For my capstone project, I am taking a crack at the LANL Earthquake Prediction Competition on Kaggle. This competition aims to use acoustic data recorded by ground sensors to predict the timing of earthquakes in a laboratory experiment. The training dataset for this competition has over 600M rows representing acoustic measurements of the soil, and the target is the remaining time until the next earthquake occurs. Since the acoustic signal and the target are the only variables in the dataset, the datafile is not too large to process on my moderately-powerful PC. However, working with such a long dataset is a new challenge for me, and I thought I’d share some of what I learned while trying to wrangle it.
Understanding the problem
The evaluation of models for this competition relies on multiple, smaller test datasets. There are ~2,600 test datasets with 150,000 rows each, representing a small acoustic snapshot. The goal is to predict a single value representing the time until the next earthquake after the end of that snapshot. Therefore, my model has to be able to create a prediction on small subsets of the original train dataset. This helps narrow down the universe of possible solutions, because any solution has to work on small subsamples of acoustic data.
Understanding the data
With a bit of data exploration, it is possible to see that the train data has some strange patterns in the target variable: time until next earthquake. We would expect the values of the target value to decrease linearly until there is an earthquake, and then spike upwards after hitting zero. However, the values do not decrease linearly as time passes, but rather in a step-wise linear fashion.
[STEP CHART]
According to the creator of the Kaggle competition, this is a result of the acoustic measuring device: “The data is recorded in bins of 4096 samples. Withing those bins seismic data is recorded at 4MHz, but there is a 12 microseconds gap between each bin, an artifact of the recording device.” This information could be useful for processing the training data, because I could process the bins of 4,096 samples separately. However, there is no information about the binning of the samples in the test dataset, so this technique would not be usable for making predictions for those datasets. I therefore have to treat all the acoustic data as if it is coming in a continuous stream.
Chunking the data
In order to create a model that works on acoustic snippets with 150,000 rows, I need to cut the original train dataset into snippets of that size to feed into my model. In theory, I could use the train dataset to create 600M snippets, each one consisting of a single unique row and the following 149,999 rows. However, my computer is not powerful enough to run any sort of sophisticated models on 600M observations. I decided to try to create 10,000 snippets that I would use for modeling purposes.

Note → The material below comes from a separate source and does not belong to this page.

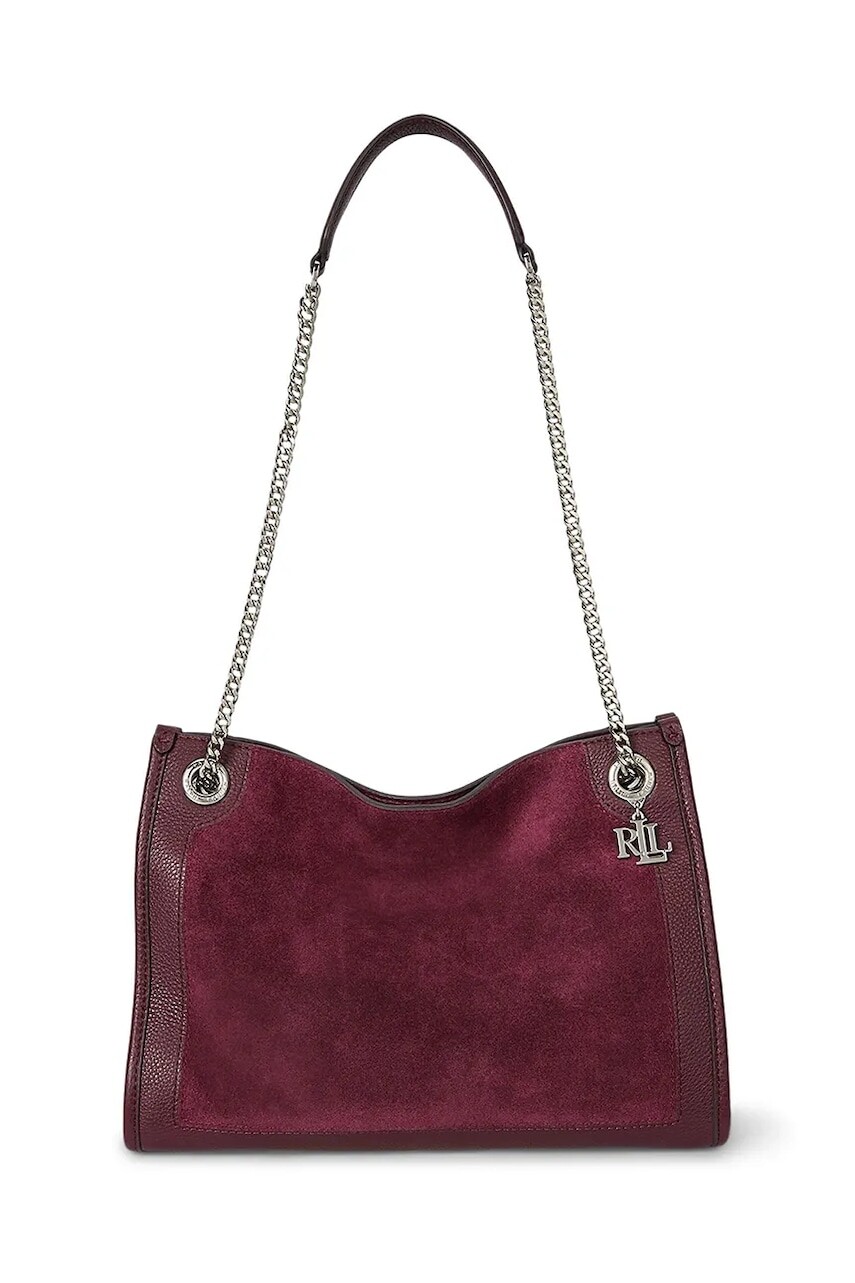 Semišová kabelka Lauren Ralph Lauren bordová farba, 431980175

One thing that I decided was that I wanted my snippets to include as much variation as possible. I could have created 10,000 snippets easily using only the first 160,000 rows and the technique described above. However, this would mean that I am ignoring the vast majority of my training data. Since the dataset is extremely noisy, I want to make sure that my model performs well in all the conditions present there, not just the particular vibrations in the very start. I therefore want my snippets to span the entire dataset.
Loading the dataset
Fortunately, the dataset is small enough that it only takes about 2 minutes to load the entire dataset into memory as a Pandas DataFrame. However, it turns out that loading the whole dataset into memory is the easy part. Accessing specific rows in that dataset in memory turns out to be surprisingly time consuming.

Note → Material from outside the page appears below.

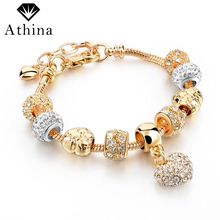 Hot Sale Crystal Bracelets For Women Gold Charm Bracelets & Bangles Famous Brand Jewellery Bracelete Masculino 2024 - buy cheap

Index-based slicing with Pandas
The traditional way to access a set of rows in a Pandas DataFrame is with the .iloc
method. For example, I could create a snippet like so:
snippet = df.iloc[10000000: 10150000]
In theory, I could create a loop to generate 10,000 such snippets and call it a day. However, this requires the computer to index the dataset repeatedly from memory. The method for doing so starts at index 0 of the dataset and then goes down the index until it reaches the desired indices. As I started to access snippets further and further down, the time it took got longer and longer. As a result, I looked for alternative approaches.
Creating a generator
Rather than using the whole dataset loaded in memory, I was able to use a TextFileReader object to read and load in small chucks of the train dataset at a time. I did this using the iterator
and chunksize
arguments of the Pandas method read_csv
. This turned out to be 10 times faster than the index-based slicing!
Feature engineering
After loading each snippet, I ran a number of feature engineering functions on it to summarize the contents. I then saved the results in a new dataset with one row per snippet - much more manageable!
Conclusion
Smartly designing functions to use memory wisely is a luxury with normal size datasets, but is mandatory with large datasets. Poorly optimized algorithms will halt you in your tracks before you even get to the modeling stage. With this approach, I was able to proceed to the modeling stage relatively quickly.